If the Departments review a group health plan’s comparative analyses and determine that the group health plan is not in compliance with the MHPAEA, the group health plan will be required to specify the actions it will take to bring the plan into compliance. The group health plan will then have 45 days to submit to the Departments revised comparative analyses demonstrating compliance. If, after the 45-day correction period, the Departments make a final determination of non-compliance, then the plan or issuer must notify all individuals enrolled in the plan or coverage that the plan or coverage has been determined to be non-compliant with the MHPAEA within seven days of the final determination.
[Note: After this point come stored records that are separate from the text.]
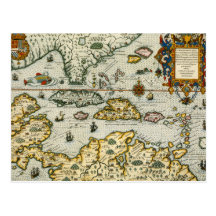 Vintage Map of The Caribbean (1594) Post Card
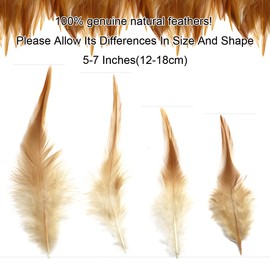 250PCS 10-15cm（5-7inch） Saddle Hackle Natural Rooster Feather for Crafts, Natural Pheasant Neck Feathers DIY Pendant Earrings Dream Catcher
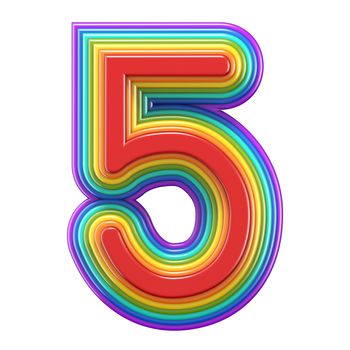 Concentric rainbow number 5 FIVE 3D rendering illustration isolated on white background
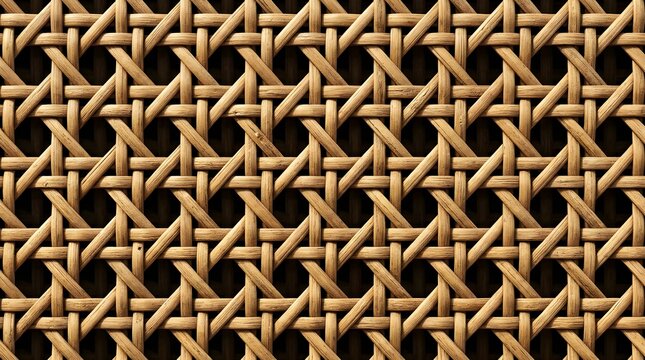 Woven rattan texture, natural fiber pattern, brown woven background, seamless design element
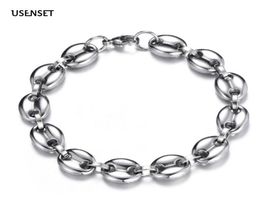 Brand New Men 11mm Wide Coffee Bean Bracelet 304 Stainless Steel Gold Silver Chain Bangle Glamour Jewelry M051534629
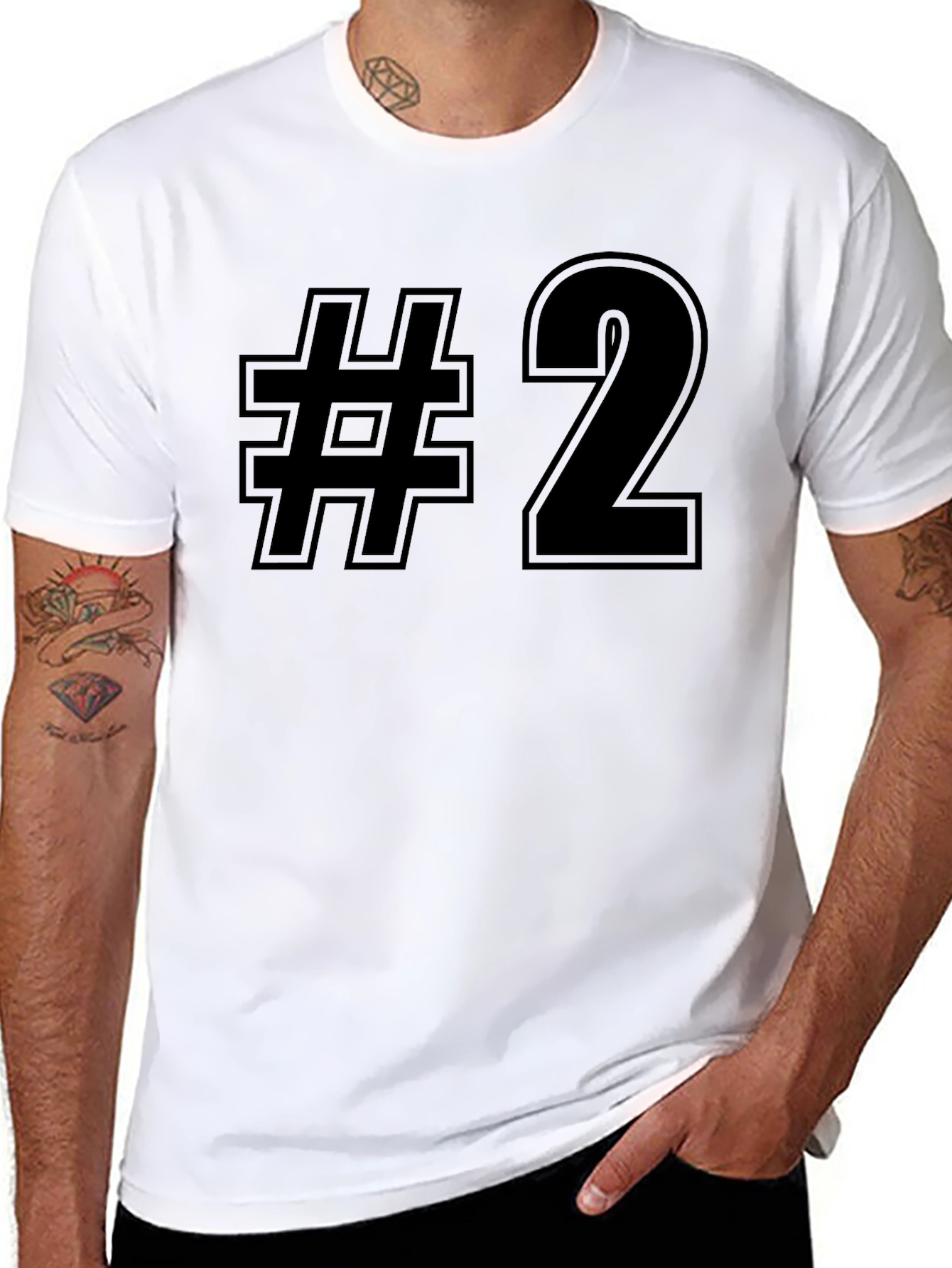 Black Hashtag Number Two Black T-Shirt view 8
The Departments also will share final determinations of noncompliance with State regulatory agencies where the group health plan located (for an insurer, the State where the insurer is licensed to do business).
Who else can request a group health plan’s comparative analyses?
Participants, beneficiaries, enrollees in ERISA-governed plans (or an authorized representative), and/or state regulators can request a copy of the comparative analyses.
What types of NQTLs are included on the Departments’ priority list?
The FAQs identify several “priority” issues on which the Departments may focus their initial enforcement efforts when requesting comparative analyses:
- Potential MHPAEA violations or complaints that have been brought to the Departments’ attention with respect to a particular group health plan.
- Prior authorization requirements for in-network and out-of-network inpatient services.
- Concurrent review for in-network and out-of-network inpatient and outpatient services.
- Standards for provider admission to participate in a network, including reimbursement rates.
- Out-of-network reimbursement rates (plan methods for determining usual, customary, and reasonable charges).
This blog provides a general description of the new requirements imposed by the Consolidated Appropriations Act, 2021 with respect to the MHPAEA as discussed in the FAQs. Please contact your Faegre Drinker attorney to discuss its application to a particular circumstance.
[1] Generally, MHPAEA requires that treatment limitations (such as visit limits) and financial requirements (such as coinsurance and copays) imposed on MH/SUD benefits cannot be more restrictive than those imposed on medical/surgical benefits. With respect to NQTLs, the MHPAEA regulations prohibit a group health plan from imposing NQTLs on MH/SUD benefits unless the processes and standards used in applying a NQTL to MH/SUD benefits are comparable to, and are applied no more stringently than, the processes and standards used when applying the NQTL to medical/surgical benefits.